Scar­lett Johans­son, Tom Hanks, Steve Carrell, Matt Dillon, Tilda Swin­ton, un casting d’ex­cep­tion

Tous les films d’Ander­son sont basés sur la tension entre l’ordre et le chaos, l’in­cer­ti­tude et le doute. Aste­roid City est le premier à prendre cette tension comme sujet, expri­mant souvent cela à travers la fric­tion créée par les diffé­rents niveaux de non-réalité. Ici, les nombreuses personnes que nous rencon­trons sont égale­ment acteur.ices dans une produc­tion télé­vi­sée d’une pièce de théâtre du même nom. Il faut un certain temps pour comprendre ce que fait Ander­son avec cette nouvelle super­po­si­tion auto-réflexive, mais comme à son habi­tude, il parvient à trou­ver un équi­libre entre ces forces contra­dic­toires, notam­ment grâce à la magni­fique incar­na­tion des comé­diens.
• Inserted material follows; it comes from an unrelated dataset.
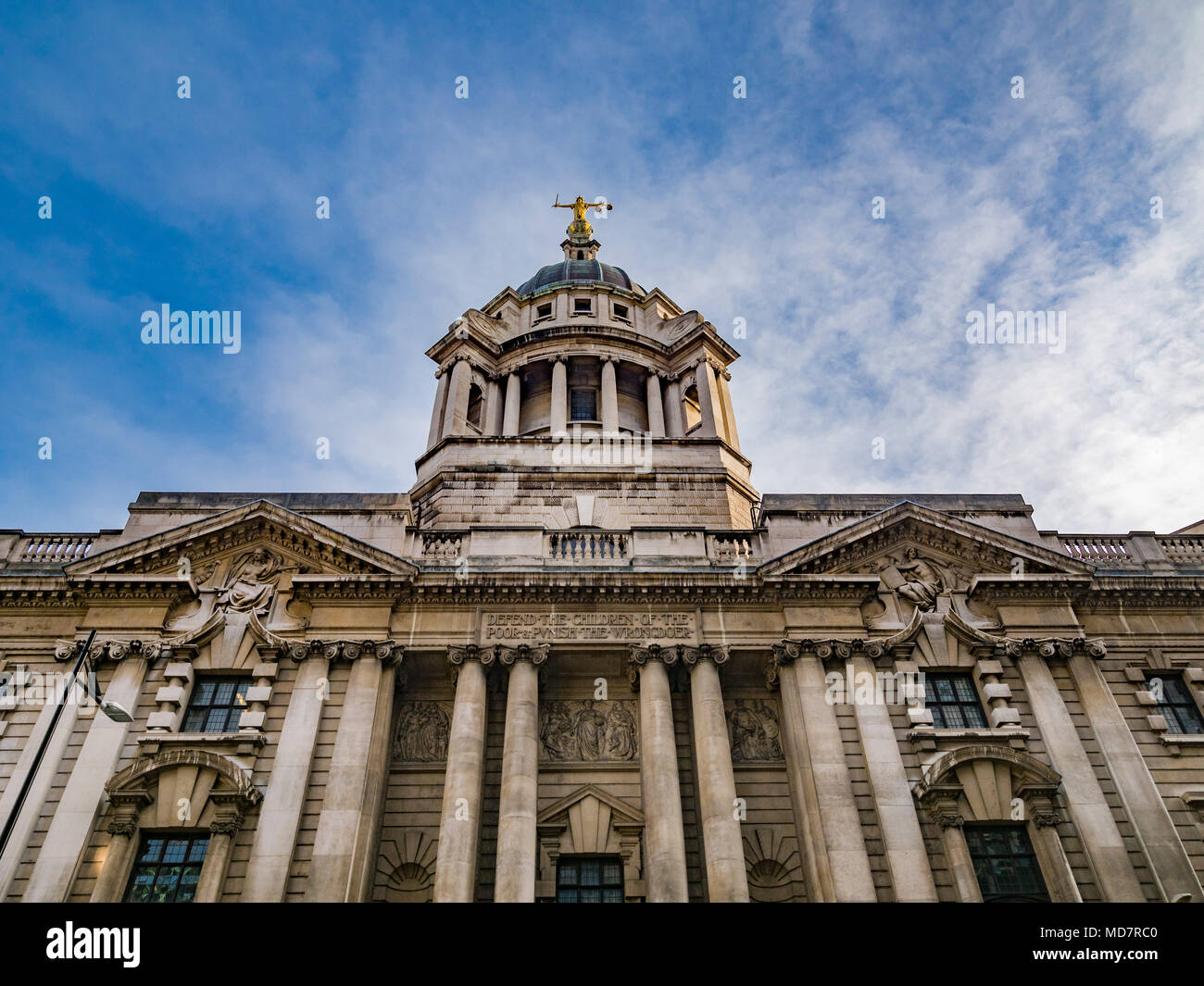 Außenansicht des Central Criminal Court, Old Bailey, London, Großbritannien. Stockfoto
Après l’hom­mage aux dessins du New Yorker dans The French Dispatch, voici le théâtre et le désert du deuil. Les cartons de titre, les chapitres et les pièces dans les pièces reflètent toujours plus les insé­cu­ri­tés de person­nages hyper-struc­tu­rés mais trop fragiles pour affron­ter le désordre de la vie. Malgré sa mise à distance des émotions à force de décou­pages au cordeau, le film se révèle in fine être l’une des œuvres les plus subtiles et radi­cales sur le chagrin et le deuil dans la filmo­gra­phie du réali­sa­teur.

Aste­roid City de Wes Ander­son (EU, 1h46) avec Jason Schwartz­man, Scar­lett Johans­son, Tom Hanks, Liev Schrie­ber, Tilda Swin­ton, Steve Carrell, Willem Dafoe… Sortie le 21 Juin.